== Aim of the task ==
The required output is a verbatim transcription of the listing, pictures excluded.

== Collected material ==
▼▼▼

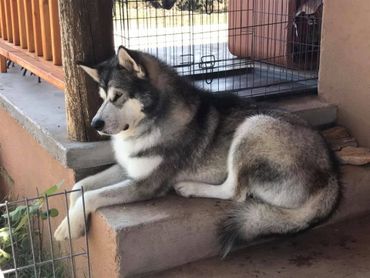 Certified dog breeders
Experienced dog breeder reviews
Registered dog breeders
New Mexico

▲▲▲

== Answer to this task ==
 Certified dog breeders
Experienced dog breeder reviews
Registered dog breeders
New Mexico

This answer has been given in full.